I concluded that Apple stock was undervalued by 25% or so and said the stock was "hardly a huge bargain" but "a technical oversold panic bottom in the coming weeks should provide an attractive entry point for a long-term investment in Apple stock." We have the makings of this attractive entry point right now.
The reasons are several fold:
-GAAP earnings are a misleading estimate of how much money a company is making yet this measure is adored by stock analysts and investors. What matters in a stock according to the greatest stock picker of all-time Warren Buffett is what he calls "owner earnings" my interpretation of his measure as applied to Apple is operating cashflow minus capex calculated in a special way (for capex I added Payments for acquisition of property, plant and equipment, Payments for acquisition of intangible assets and the "Other" component from the 10-Q) adding back in asset sales (since they represent recovery from old capex).
Apple's owner earnings grew by 30% from the Q4 last year($20.9B vs $16B).
This quarter was simply right in line with my expectation that the compounded growth rate of Apple's owner earnings will slow from the historical 44% from 2006 to 2012 to something more like 25% this year and all the way to 5% over the next years as competition and market maturity drives down its growth rate. I have no delusions that Android competition won't hurt their margins or anything along those lines. Its all part of my model.
-The growth rate in owner earnings was actually higher than 30% because they had 1 week less in Q4 2012 compared to Q4 2011. The actually growth rate (adjusted) was more like 32%.
-Analysts are panicking, downgrading the stock, cutting price targets and all around giving up on the story that the stock is a no brainer. I'm never comfortable being in the same side as Wall Street because I understand they are in the business of profiting not from predictions but from selling services to people.
-Apple can unleash a strong rally if they were to step up their buyback program and they can do that simply because their operating cashflows are so strong (they grew 33% year over year) and if there aren't attractive investment opportunities out there buying back your own stock makes a lot of sense. The combined cash in the balance sheet and a potential increase in the buyback creates a theoretical floor in the stock. Recently we saw that happen when Buffett announced the buyback on Berkshire Hathaway (BRK.B). The stock jumped to $89 but gave plenty of time for people to bet on the upside knowing that the downside was protected by the $50B buying power (cash + bonds) that Buffett has. People just don't appreciate how large buyers can be induced to pay higher prices by High Frequency Trading firms. Berkshire stock was a no-brainer buy at $89; now the stock stands a $97 a share.
-The stock could pull a Hewlett Packard from a technical perspective. HP was hammered by bad news for months, it seemed that no matter what happened the stock it couldn't bottom. After the Autonomy deal (the worst news of the year) was announced along with earnings the stock collapsed on big volume
That was the exact bottom. I believe a similar process in is play with Apple here
Notice how in November a large sell-off on high volume marked the bottom.

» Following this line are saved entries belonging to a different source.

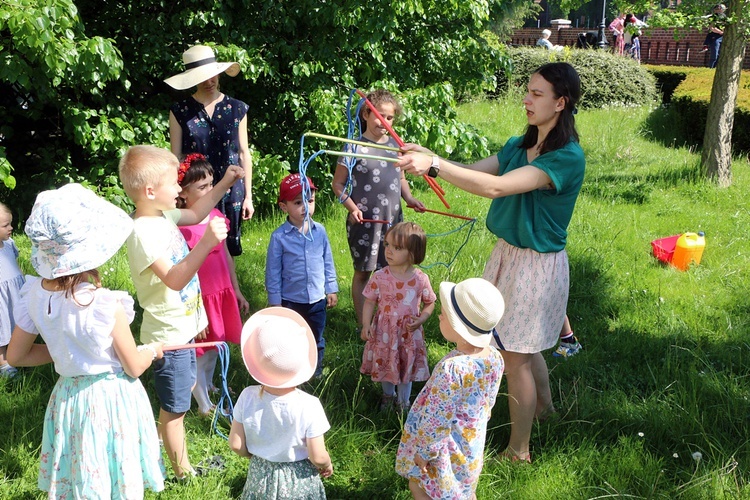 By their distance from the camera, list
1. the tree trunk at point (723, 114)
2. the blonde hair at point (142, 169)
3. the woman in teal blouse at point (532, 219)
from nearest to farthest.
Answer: the blonde hair at point (142, 169) < the woman in teal blouse at point (532, 219) < the tree trunk at point (723, 114)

-You are supposed to buy when no one wants it and sell when everybody wants it. Apple's sentiment supports a contrarian investment
-Even under my pessimistic assumptions (owner earnings growth slows faster than expected and then grow 1% into infinity) Apple's stock is worth $572.

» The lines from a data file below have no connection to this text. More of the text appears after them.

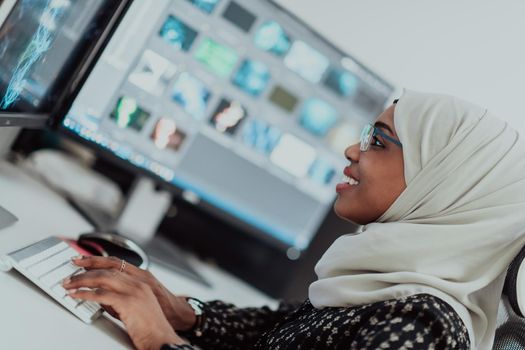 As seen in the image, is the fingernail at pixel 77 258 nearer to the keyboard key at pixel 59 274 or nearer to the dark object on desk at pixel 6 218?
Result: the keyboard key at pixel 59 274

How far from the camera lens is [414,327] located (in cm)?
75

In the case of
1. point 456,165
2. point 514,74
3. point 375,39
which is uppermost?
point 514,74

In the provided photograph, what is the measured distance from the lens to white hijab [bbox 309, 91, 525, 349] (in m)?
0.89

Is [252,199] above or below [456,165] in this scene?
below

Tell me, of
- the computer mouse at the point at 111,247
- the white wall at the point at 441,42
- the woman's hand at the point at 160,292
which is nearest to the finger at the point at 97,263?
the woman's hand at the point at 160,292

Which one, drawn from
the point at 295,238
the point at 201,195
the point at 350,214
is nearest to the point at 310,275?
the point at 295,238

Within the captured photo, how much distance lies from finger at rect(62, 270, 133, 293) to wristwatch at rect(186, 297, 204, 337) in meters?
0.26

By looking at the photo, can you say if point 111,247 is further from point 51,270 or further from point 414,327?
point 414,327

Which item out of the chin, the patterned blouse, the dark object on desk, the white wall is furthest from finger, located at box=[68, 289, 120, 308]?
the white wall

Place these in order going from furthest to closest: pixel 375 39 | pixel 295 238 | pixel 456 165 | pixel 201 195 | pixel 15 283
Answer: pixel 375 39, pixel 295 238, pixel 201 195, pixel 456 165, pixel 15 283

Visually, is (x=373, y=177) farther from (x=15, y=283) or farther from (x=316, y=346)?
(x=15, y=283)

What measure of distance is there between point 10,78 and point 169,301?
446mm

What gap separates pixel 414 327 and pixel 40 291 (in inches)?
19.4

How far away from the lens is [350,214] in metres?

It's hard to stress how important is to be careful with GAAP when valuing securities. Bill Ackman made more than $1B in General Growth Properties simply because the company had on their books their real estate at values that reflected accounting rules and not market clearing prices as a result the equity had significant value even in bankruptcy.
Lots of short sellers and bears like Reggie Middleton are making victory dances on the back of GAAP earnings growth when the most important metric in my view (and likely in Buffett's view) grew by 30%, these misunderstandings lead to mispricings.
The panic bottom I wrote about earlier seems to be taking place. The key about these bottoms is that they frequently can go much lower than you think, however from a operations perspective the company is still in high growth mode and the stock is currently completely misunderstood by investors and analysts (a point frequently raised by David Einhorn who is long the stock). The cash continues to pile in and the buybacks are in place (with the potential to be increased). I plan to start to average in the stock in the aftermath of this earnings release. I will sell when everybody is in love with this stock again.